コラム

健康診断の結果の見方
「要再検査」を放置してはいけない理由を産業医が解説

公開日: 2026年7月6日 | 執筆: 産業医 武藤信子

健康診断の結果が届いたとき、じっくり読んでいますか? 「なんとなく眺めて、引き出しにしまって終わり」という方がとても多いのですが、結果表にはあなたの体からの大切なサインが詰まっています。
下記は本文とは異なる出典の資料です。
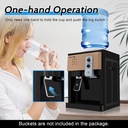 top-loading-water-cooler-dispenser-hot-a-4.jpg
この記事では、産業医として多くの健診結果を見てきた立場から、結果表のどこを見ればいいか、どの判定なら動くべきかを、できるだけやさしくお伝えします。

まず見るのは「総合判定」

結果表の最初のページには、たいてい「総合判定」という欄があります。書き方は健診機関によって少しずつ違いますが、おおよそ次のような段階に分かれています。

判定の例意味どうすればいい?
異常なし(A)今回の検査では問題が見つからなかった今の生活を続けてOK。来年もきちんと受診を
軽度異常・心配なし(B)わずかに基準を外れているが、心配のない範囲特別な対応は不要。数値は覚えておくと安心
要経過観察・生活改善(C)今すぐ病院に行く必要はないが、放置すると悪化しうる食事・運動・睡眠を見直し、次回の健診で変化を確認
要再検査もう一度測って、本当に異常かどうか確かめたい数週間〜数か月以内に再検査を
要精密検査異常の原因をくわしく調べる必要があるできるだけ早く医療機関へ
要治療治療が必要な状態が見つかったすみやかに受診を

※ 記号や言葉は健診機関ごとに異なります。お手元の結果表の「判定の説明」欄もあわせてご確認ください。

「要再検査」と「要精密検査」はどう違う?

要再検査は「たまたまの数値かもしれないから、もう一度確認しましょう」という意味です。前日の食事や寝不足、測定時の緊張などで数値が振れることは珍しくありません。ただし、再検査をして初めて「たまたま」だったと確認できるのであって、再検査を受けない限り、異常が消えたことにはなりません

要精密検査は一段階重く、「異常があることを前提に、原因を調べましょう」という意味です。たとえば便潜血が陽性なら大腸内視鏡、胸部レントゲンの影ならCT、というように、より詳しい検査が必要です。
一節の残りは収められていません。